Während Tadesse Abraham sich auf sein Vienna-Debüt freut, freut sich Nancy Kiprop, wieder zurück in Wien zu sein. Hier feierte die 39-jährige Kenianerin die beiden größten Siege ihrer Karriere: 2017 und 2018 gewann sie den Vienna City Marathon. „In Wien bin ich immer sehr willkommen – das schätze ich“, erklärte Nancy Kiprop während der heutigen Pressekonferenz in Wien. Die beiden Wien-Triumphe bildeten für sie die Grundlage, sich einen Traum zu erfüllen. Mit den Prämien konnte sie den Bau und den Betrieb einer Schule mit zurzeit 122 Kindern in ihrer kenianischen Heimat finanzieren. „Ich wollte der Gesellschaft und dem Ort aus dem ich komme etwas zurückgeben. Die Schule läuft gut, und es ist eine zusätzliche Motivation für mich“, sagte die Mutter von zwei eigenen und fünf adoptierten Kindern, die in Wien als erste Frau einen Hattrick erreichen kann. Mit ihrer Bestzeit von 2:22:46 Stunden ist sie die schnellste Läuferin auf der Startliste.

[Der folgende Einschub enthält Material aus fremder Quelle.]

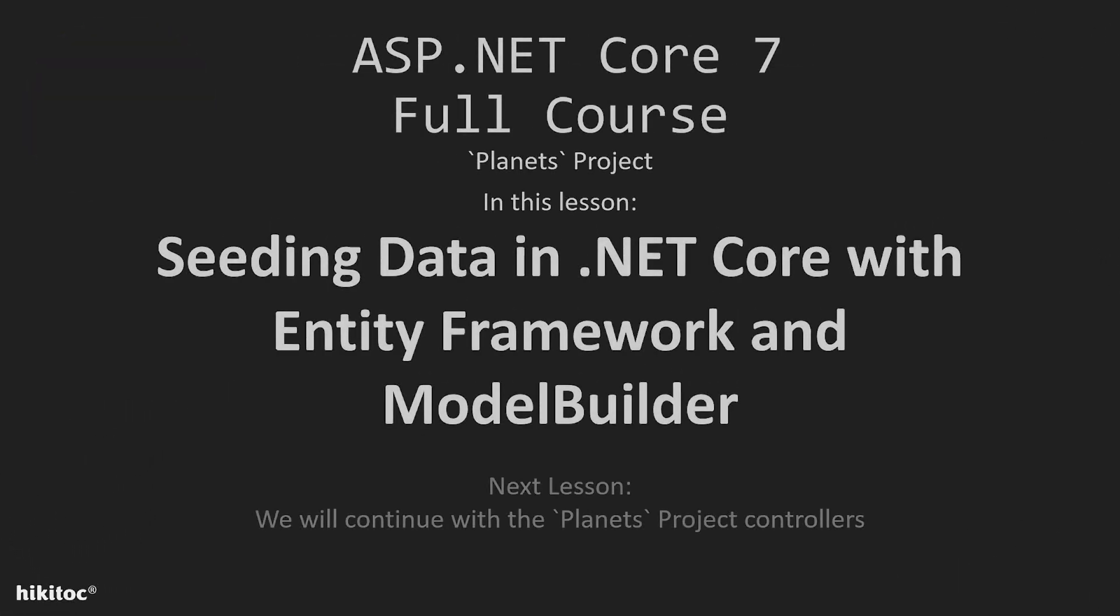Thank you for joining. In the next few lessons, we will continue the planets project. This lesson's video will be dedicated to seeding the data using EntityFramework and the ModelBuilder class.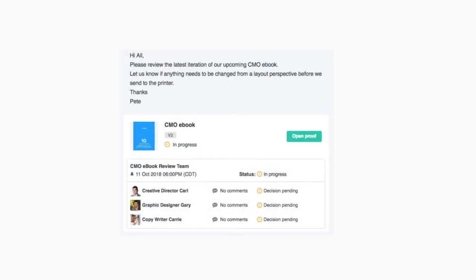Most reviewing sessions start with a notification to your team members or clients. From that email notification, they simply click on open proof to get started.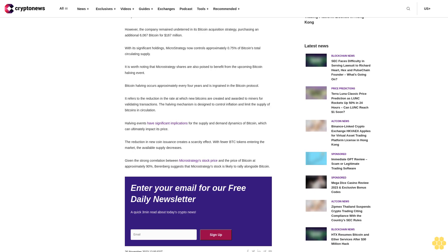It refers to the reduction in the rate at which new Bitcoins are created and awarded to miners for validating transactions. The halving mechanism is designed to control inflation and limit the supply of Bitcoins in circulation. Halving events have significant implications for the supply and demand dynamics of Bitcoin, which can ultimately impact its price. The reduction in new coin issuance creates a scarcity effect. Given the strong correlation between MicroStrategy stock price and the price of Bitcoin at approximately 90%, Barenberg suggests that MicroStrategy stock is likely to rally alongside Bitcoin.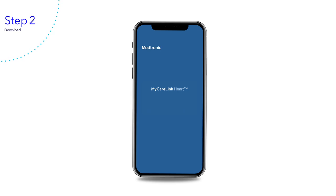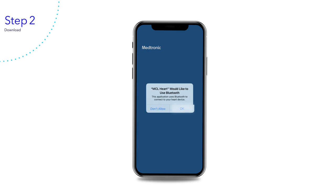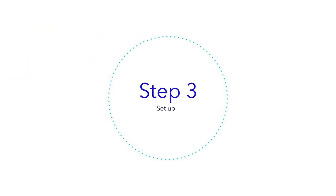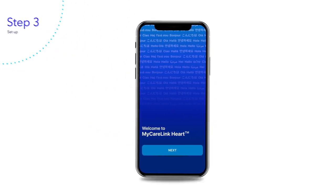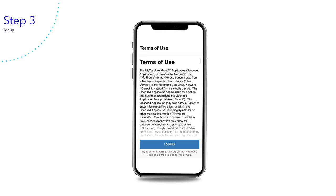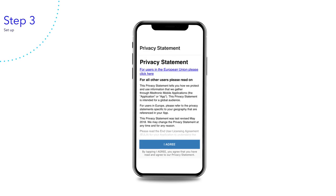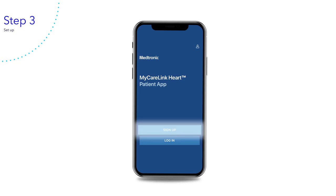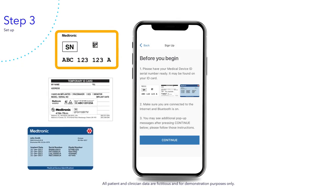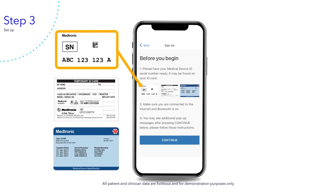You will see a Bluetooth confirmation message — select OK. Follow along with these steps to connect the MyCareLink heart mobile app with your heart device. Please agree to the terms of use and privacy statement by tapping I agree. Tap sign up to begin the setup process. Remember to have your medical device ID card ready — it has your serial number that you need to sign up.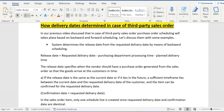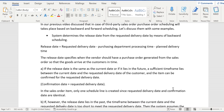Today we will discuss in detail about purchase order scheduling. First, the system tries to determine the release date from the requested delivery date using backward scheduling. The release date equals the requested delivery date minus the purchasing document processing time minus the planned delivery time. If the release date lies in the future or is the current date, then we have enough time to generate the purchase order from the sales order for the vendor to deliver the goods on time. In this case, the confirmation date equals the requested delivery date.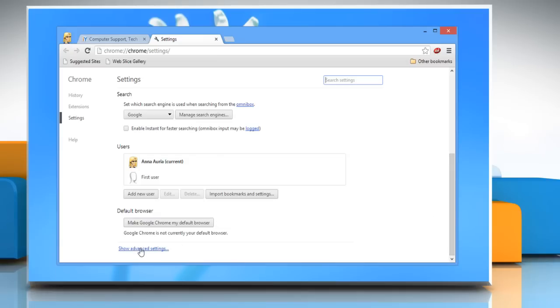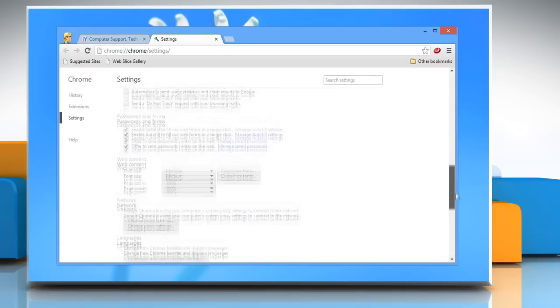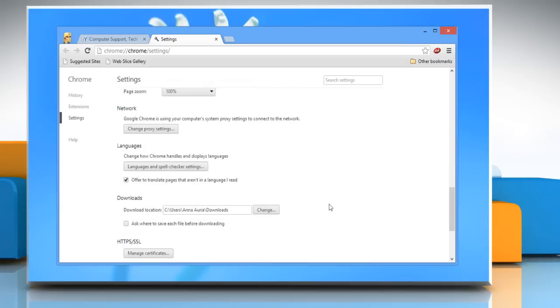Scroll down again to the Languages section and find the checkbox next to 'Offer to translate pages that aren't in a language I read.' Uncheck the checkbox to disable the translation bar, or select the checkbox to enable it.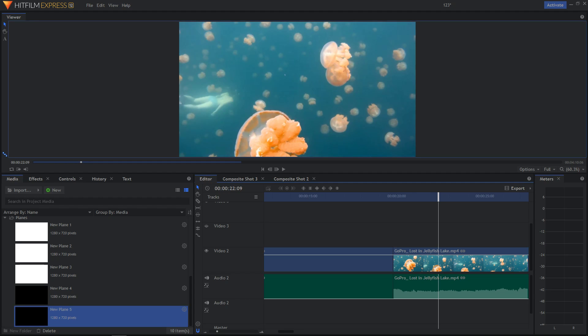Welcome to a quick tutorial. In this video I want to show you how you can make the flicker effect in HitFilm Express 12, and it's really pretty easy.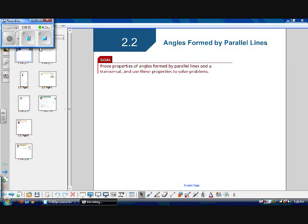Section 2.2 is entitled Angles Formed by Parallel Lines. Our goal in this section is to prove properties of angles formed by parallel lines and a transversal, and use these properties to solve problems.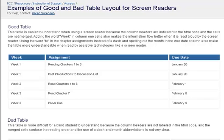Table with 3 columns and 6 rows. Week, assignment, due date. Week 1: Reading chapters 1 to 3, January 20th. Week 1: Post introductions to discussion list, January 20th.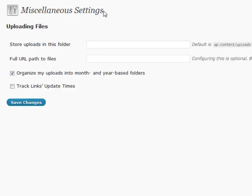Also, another thing is that as you start to accumulate months and years worth of content, by default, WordPress will organize all of their uploads in month and year-based folders.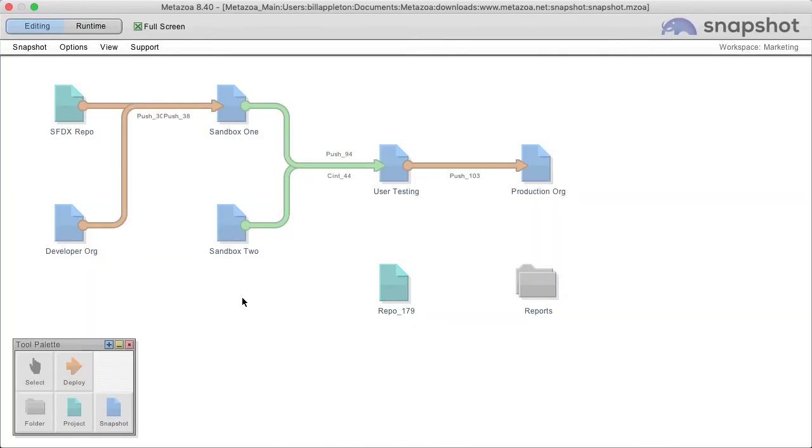Alright, there we go, using Salesforce DX scratch orgs to push and pull source to a local project.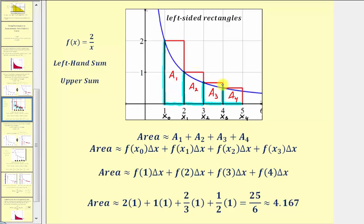This is called the left-hand sum. The left-hand sum is not always the upper sum — it's only the upper sum if our function is decreasing over the interval. If our function was increasing, the left-hand sum would actually be the lower sum.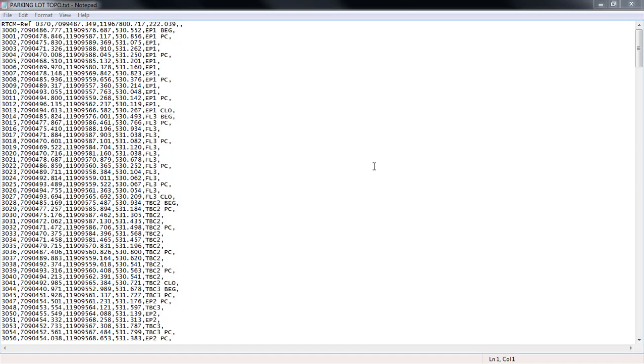Now this file was a combination of data collected using a Leica GNSS receiver from a Leica SmartNet RTN network and also a total station. One of the things you're going to see in the file is our reference station information which is denoted by this RTCM ref and then this is a reference station number.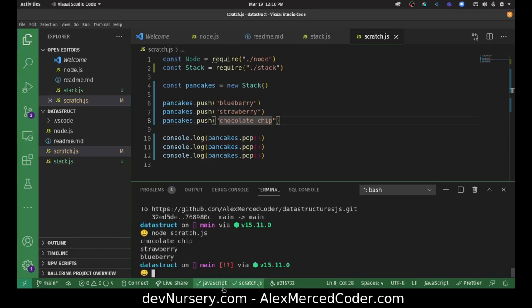So again, I'll push this code up to GitHub. So you can see it if you want. Pushy stack origin main. And again, this whole pushy command, that's a custom command I made that does all the git things for me.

Ungewöhnlich und mutig ist auch der Schritt, den Philipp Baar im vergangenen Jahr gemacht hat. Der 26-Jährige kündigte seinen Job im Personal-Management, um sich voll auf das Laufen zu konzentrieren. Verbunden war dies mit einem Trainerwechsel. Seit dem Spätsommer 2018 wird Philipp Baar von Dieter Hogen betreut. „Wenn man Marathon läuft, ist es schwieriger, das Training mit einem Job zu vereinbaren – zumal, wenn Anspruch und Ziele höher werden“, sagte Philipp Baar, der vor einem Jahr in Düsseldorf sein Marathon-Debüt in 2:16:17 Stunden lief und dann bei den Europameisterschaften in Berlin über diese Distanz Platz 38 belegte. „Ich denke, ich bin in einem guten Alter, um den Schritt zu wagen. Die letzten Erfolge lassen auf eine weitere Entwicklung hoffen.“
Seit seinem Wechsel zu Dieter Hogen ist die Trainingsintensität für Philipp Baar gestiegen. „Ich laufe auch wesentlich mehr im Gelände als früher und dafür weniger auf der Straße oder auf der Stadion-Bahn“, sagte der Berliner, der sich mit seiner neuen Trainingsgruppe seit Januar drei Monate lang in Neuseeland auf den Vienna City Marathon vorbereitet hat. Zunächst hatte er allerdings Pech, weil ihn eine Erkältung zurückwarf. Daher sind die Ziele für den Vienna City-Marathon auch nicht zu ambitioniert: „Ich möchte auf jeden Fall meine Bestzeit unterbieten und hoffe dabei auf ein Ergebnis von unter 2:15 Stunden“, sagte Philipp Baar. „Dies wäre“, so fügte Trainer Dieter Hogen hinzu, „dann auch eine gute Ausgangsposition für den Herbst-Marathon.“ Den wird Philipp Baar sicherlich in Berlin laufen, und dann geht es um eine deutlichere Verbesserung. Das Ziel heißt Olympia-Teilnahme in Tokio 2020. In einem neuen, undurchsichtigen Qualifikationssystem, das der internationale Leichtathletik-Verband IAAF eingeführt hat, ist neben anderen Kriterien eine Norm-Zeit von 2:11:30 Stunden für den Marathon angegeben. Diese Zeit muss Philipp Baar im Blick haben, um sich den Olympia-Traum 2020 zu erfüllen.